La camicia di forza culturale dell’egemonia a tutti i costi

DOV’È LA VITTORIA. Le classi dirigenti degli Stati uniti sono ossessionate dal mantenere il ruolo egemone del loro paese sul pianeta. L’attuale presidente americano sembra non capire la forza del nazionalismo altrui. Né Putin né Xi sono bravi ragazzi e sicuramente i loro popoli starebbero meglio senza di loro. Né l’uno né l’altro però, vogliono bombardare la California e neanche la Polonia o la Germania: quello che vogliono è riconoscimento, non umiliazione

Fabrizio Tonello  21/02/2023

«Dalle frontiere d’Ungheria al cuore della Birmania (…) il demonio russo assilla e turba il genere umano e perpetra diligentemente le sue perfide frodi» scriveva il Times di Londra nell’anno di grazia 1838 ma potrebbero benissimo essere uscite sul New York Times di ieri, in coincidenza con la visita di Joe Biden a Kiev. L’impero inglese non c’è più, sostituito da quello americano, ma il linguaggio, 185 anni dopo, è tornato lo stesso. L’Occidente è «industrioso ed essenzialmente pacifico» (ancora il Times del 1838) mentre Putin è assetato di sangue.

Che Vladimir Putin sia un satrapo orientale non cambia nulla a una questione fondamentale: questa narrazione manichea è sbagliata e pericolosa. Viene da lontano, dalla russofobia inglese dell’Ottocento, ma oggi rischia di condurre l’Europa e il mondo a un conflitto generalizzato.

CERTO, PUTIN ha invaso l’Ucraina ma nell’arco degli ultimi due secoli la Russia è stata invasa da francesi e inglesi nel 1812 (Napoleone), nel 1853 (guerra di Crimea a cui partecipò anche l’Italia), nel 1919 (spedizioni in Siberia e nel Baltico a sostegno dei generali zaristi), nel 1941 (Hitler e Mussolini).
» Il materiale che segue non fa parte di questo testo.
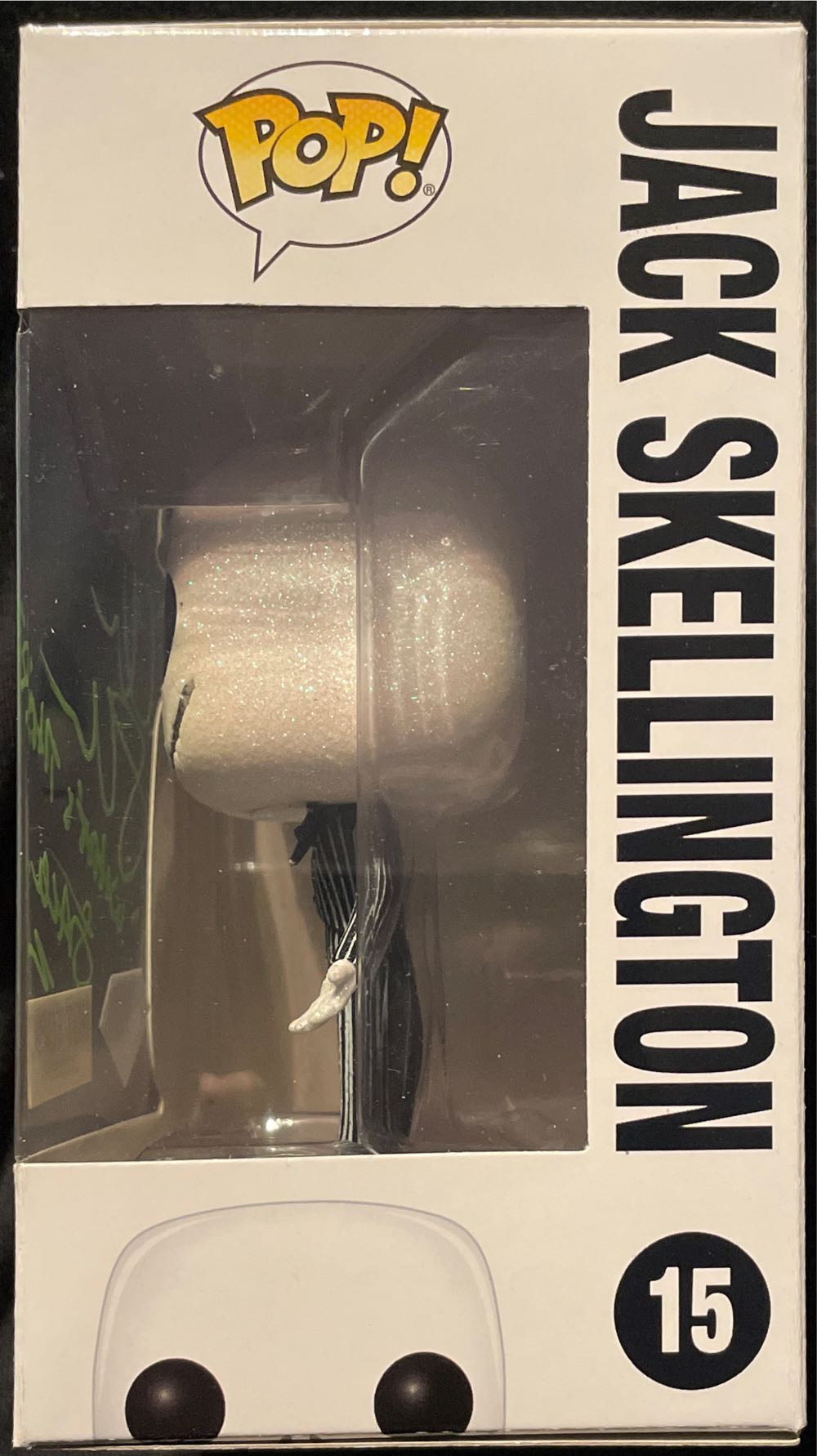 Jack Skellington (Diamond) - The Nightmare Before Christmas vinyl figure collectible [Barcode 889698291286] - Main Image 3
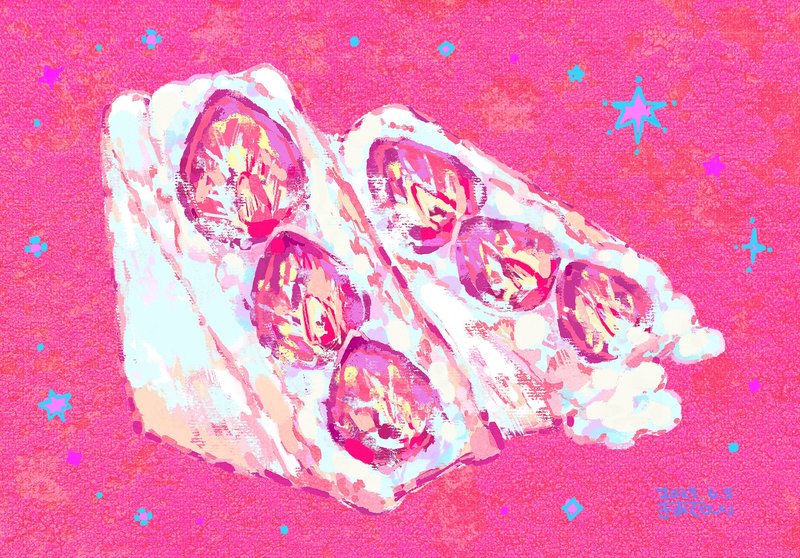 いちごサンド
Chiunque stia al Cremlino non può vedere la Nato a Kiev come se si trattasse della Croce Rossa internazionale: lo ripete da anni uno dei pochi studiosi di relazioni internazionali che non credono alla propaganda di Washington, John Mearsheimer.
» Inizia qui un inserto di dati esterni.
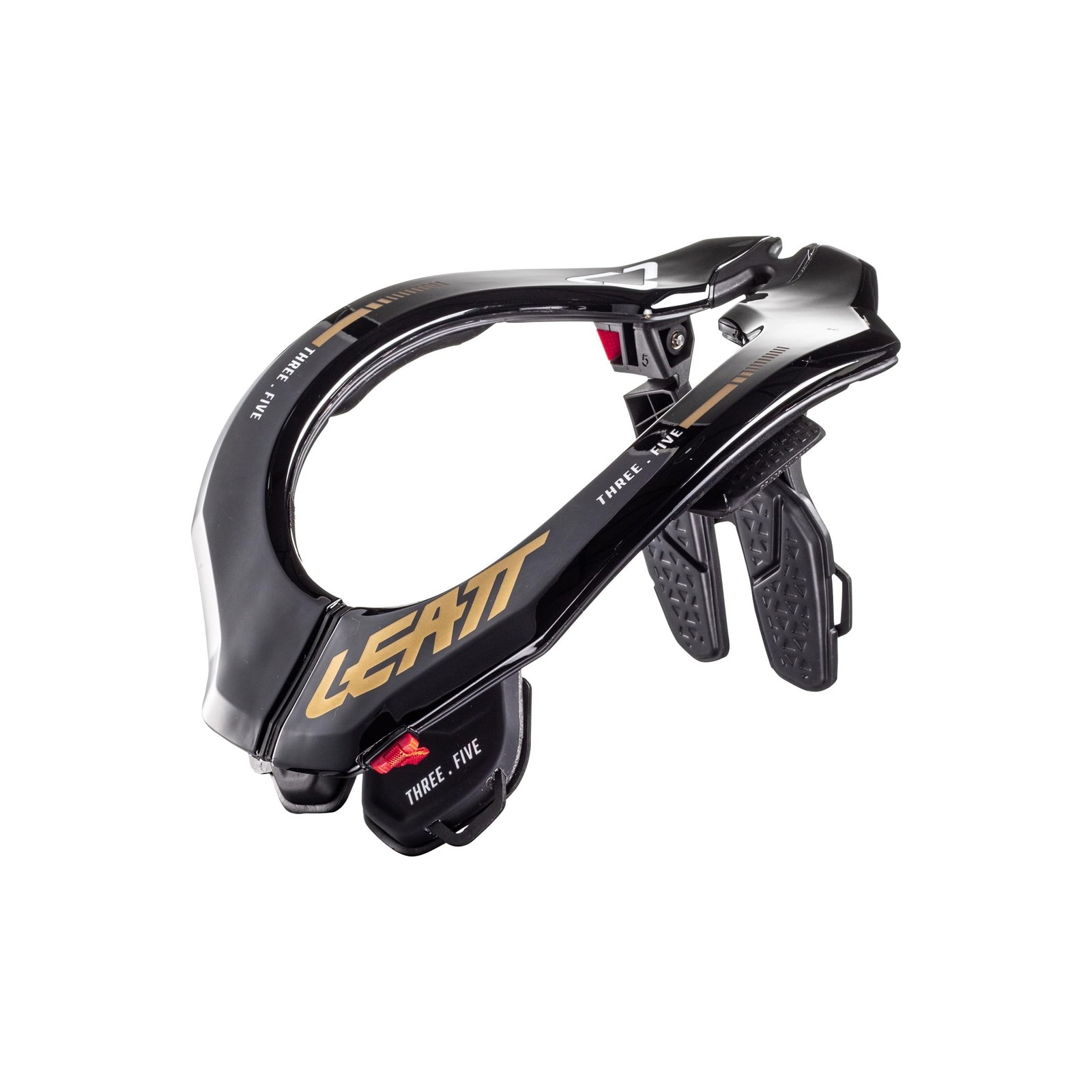 Leatt Brace Neck Brace 3.5 Adult Black Small-Medium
Era il 1984 quando Barbara Tuchman pubblicava La marcia della follia, un libro che dovrebbe stare sul comodino di tutti i presidenti, cancellieri e primi ministri da Londra a Tokyo, passando per Bruxelles e Roma. Purtroppo molti di loro sono in preda a quella che la scrittrice statunitense definiva “autoipnosi” e credono alla loro stessa propaganda, come dimostra la reazione isterica delle classi dirigenti americane all’episodio del presunto pallone spia cinese, dieci giorni fa.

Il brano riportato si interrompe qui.